Urgh, this is why I need to get my textbooks back, I used to know so much about the theory behind quarks - I can't recall exactly if quarks can be split as such, but yes, if string theory is correct, then the strings would be more fundamental again than quarks.
As for naming...
"In 1963, when I assigned the name "quark" to the fundamental constituents of the nucleon, I had the sound first, without the spelling, which could have been "kwork". Then, in one of my occasional perusals of Finnegans Wake, by James Joyce, I came across the word "quark" in the phrase "Three quarks for Muster Mark". Since "quark" (meaning, for one thing, the cry of the gull) was clearly intended to rhyme with "Mark", as well as "bark" and other such words, I had to find an excuse to pronounce it as "kwork". But the book represents the dream of a publican named Humphrey Chimpden Earwicker.

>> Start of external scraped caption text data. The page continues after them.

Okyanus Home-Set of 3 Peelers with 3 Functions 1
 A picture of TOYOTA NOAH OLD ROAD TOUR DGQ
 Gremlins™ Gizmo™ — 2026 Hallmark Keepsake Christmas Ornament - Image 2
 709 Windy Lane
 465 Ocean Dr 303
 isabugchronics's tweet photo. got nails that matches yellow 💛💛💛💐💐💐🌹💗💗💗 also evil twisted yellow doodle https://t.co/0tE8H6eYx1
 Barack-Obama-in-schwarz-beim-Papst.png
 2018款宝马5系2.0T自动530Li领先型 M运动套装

Words in the text are typically drawn from several sources at once, like the "portmanteau" words in "Through the Looking-Glass". From time to time, phrases occur in the book that are partially determined by calls for drinks at the bar. I argued, therefore, that perhaps one of the multiple sources of the cry "Three quarks for Muster Mark" might be "Three quarts for Mister Mark", in which case the pronunciation "kwork" would not be totally unjustified. In any case, the number three fitted perfectly the way quarks occur in nature." - Murray Gell-Mann, discoverer of quarks
Bosons isn't exclusively a particle physics term, it's been used to describe particles that don't obey Pauli exclusion since the late 20s, the guy who put up the theory for how large quantities of them behave was Satyendra Nath Bose. Einstein helped him out with the maths and getting published, the statistics are known as Bose-Einstein statistics.